# [Problem statement]
If pictures are present, leave them out, and copy the data word for word.

# [Supplied data]
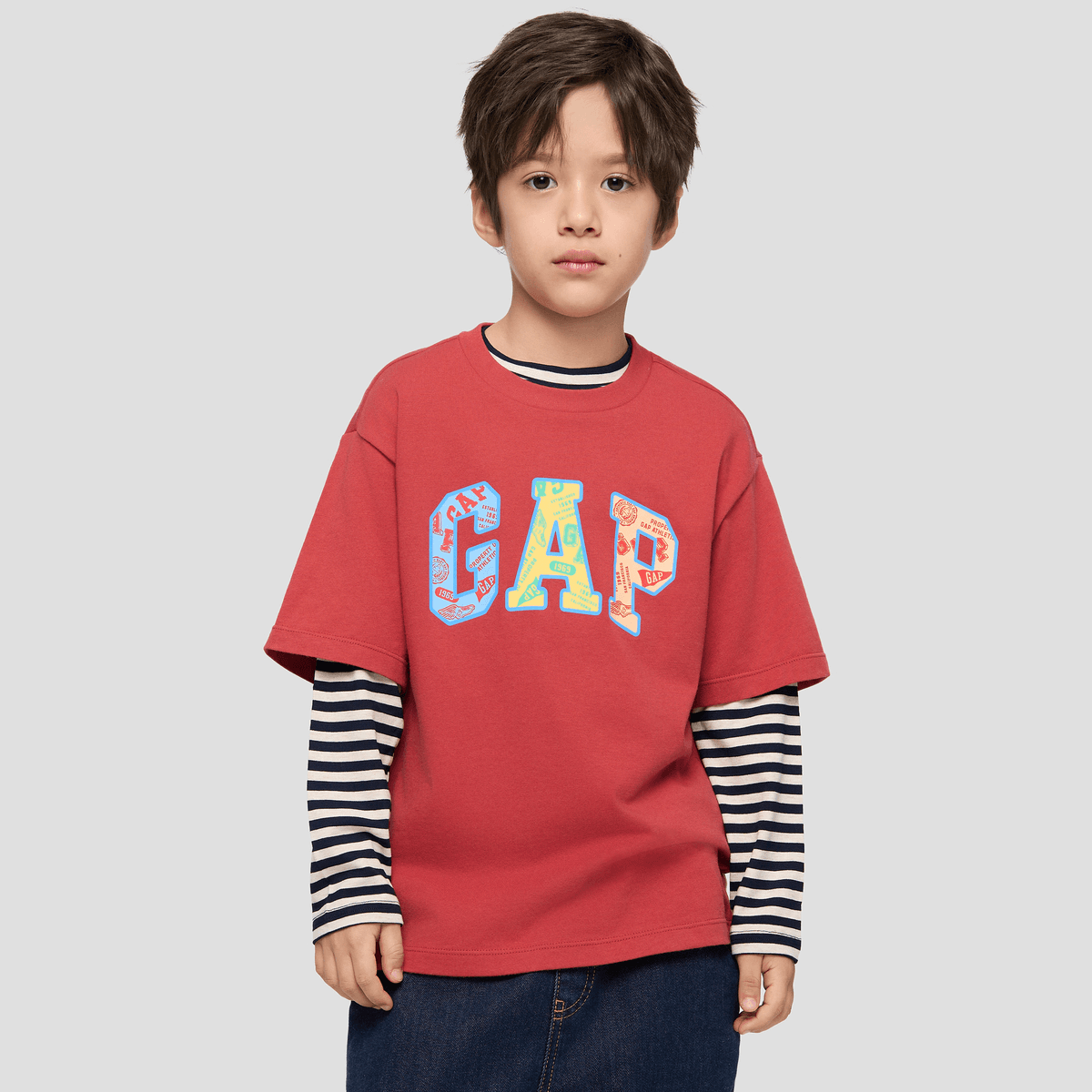 Футболка GAPTlogo - изображение 3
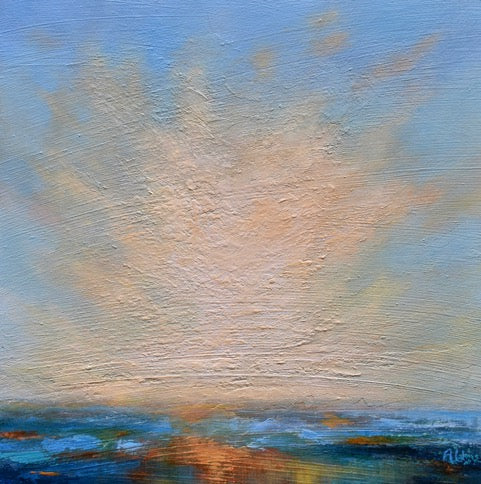 Cloudburst 12x12" image 0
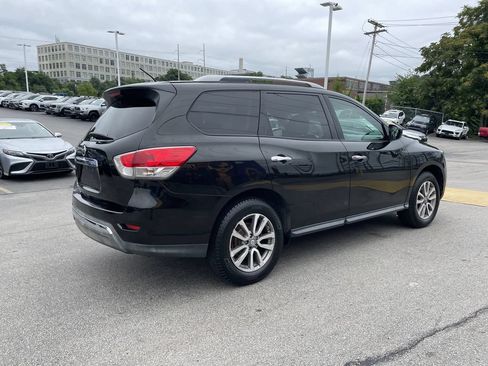 Used 2015 Nissan Pathfinder S FWD image 8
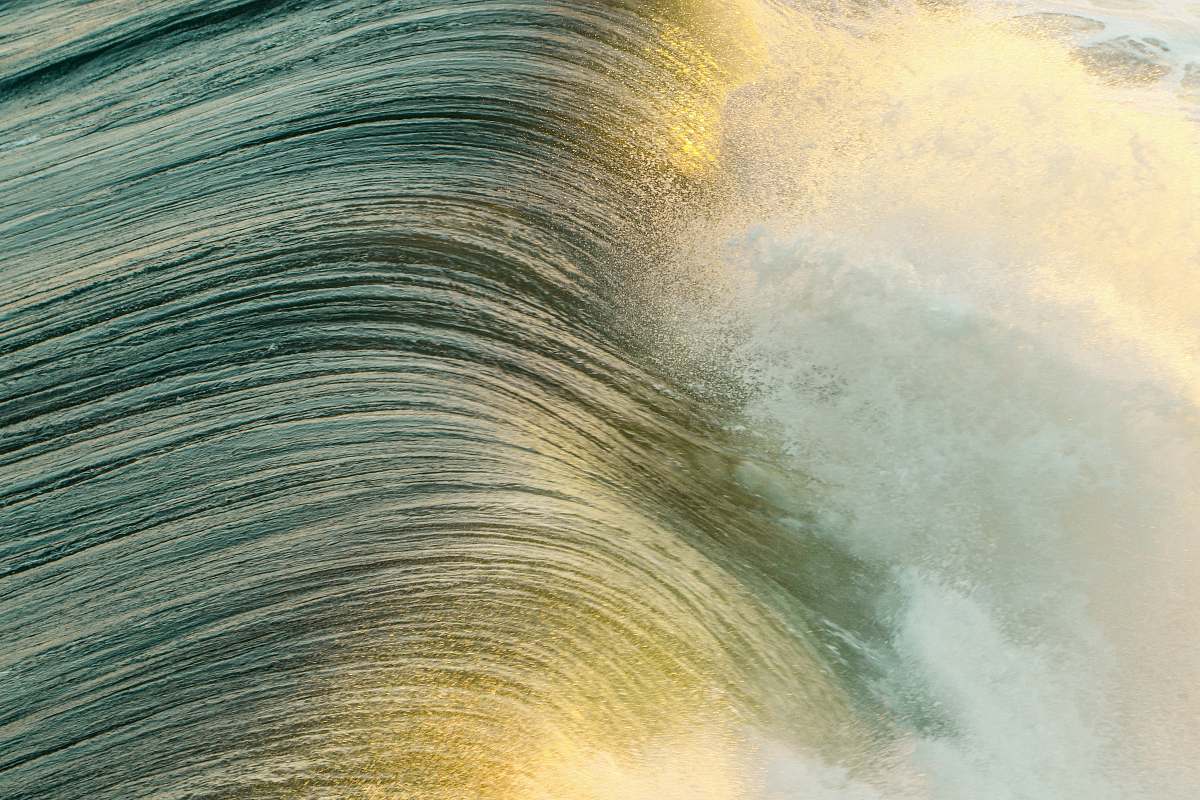 nature ocean waves surf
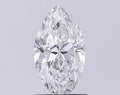 1.00ct Marquise Lab Grown Diamond (Colour E, Clarity VS2, IGI Certified)
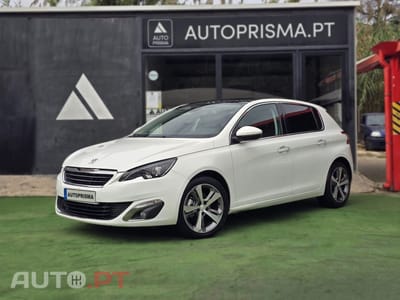 Peugeot 308 1.6 BlueHDi Allure J17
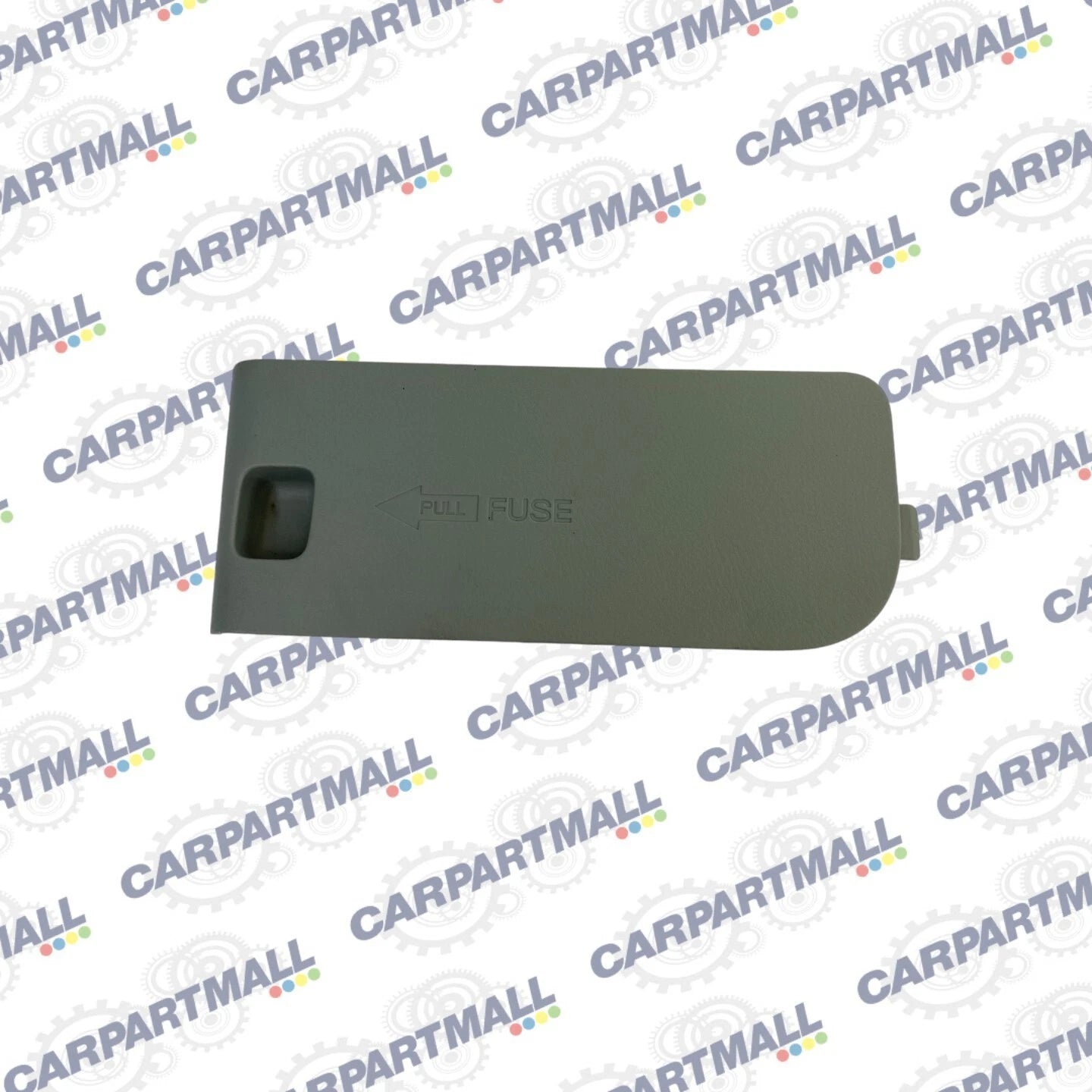 05-10 HONDA ODYSSEY INTERIOR LEFT DASH FUSE BOX COVER LID TRIM PANEL SHJ-A0 OEM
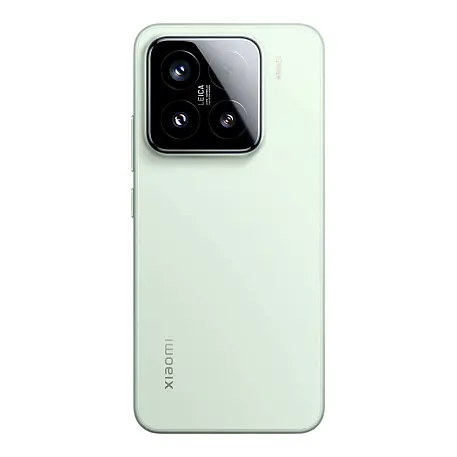 Смартфон Xiaomi 15 12/512 ГБ зелёный (2sim + eSim) (без СЗУ) - 6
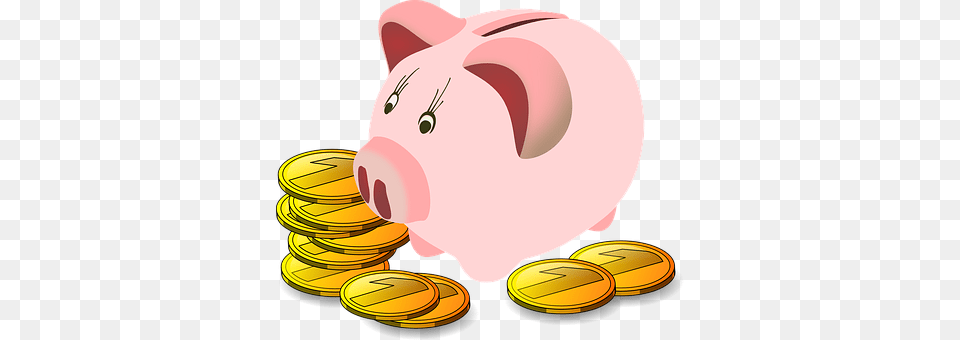 Savings Box Piggy Bank, Smoke Pipe Free Png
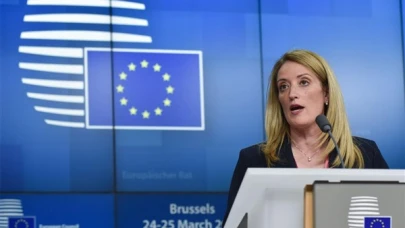 Metsola: İran'ın Körfez Ülkelerine Yönelik Tehditleri Endişe Verici Bulunuyor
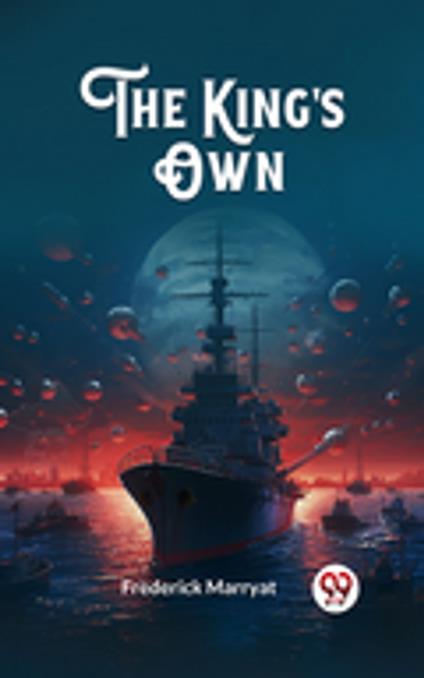 The King's Own - Frederick Marryat - ebook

# [Written answer]
 Футболка GAPTlogo - изображение 3
 Cloudburst 12x12" image 0
 Used 2015 Nissan Pathfinder S FWD image 8
 nature ocean waves surf
 1.00ct Marquise Lab Grown Diamond (Colour E, Clarity VS2, IGI Certified)
 Peugeot 308 1.6 BlueHDi Allure J17
 05-10 HONDA ODYSSEY INTERIOR LEFT DASH FUSE BOX COVER LID TRIM PANEL SHJ-A0 OEM
 Смартфон Xiaomi 15 12/512 ГБ зелёный (2sim + eSim) (без СЗУ) - 6
 Savings Box Piggy Bank, Smoke Pipe Free Png
 Metsola: İran'ın Körfez Ülkelerine Yönelik Tehditleri Endişe Verici Bulunuyor
 The King's Own - Frederick Marryat - ebook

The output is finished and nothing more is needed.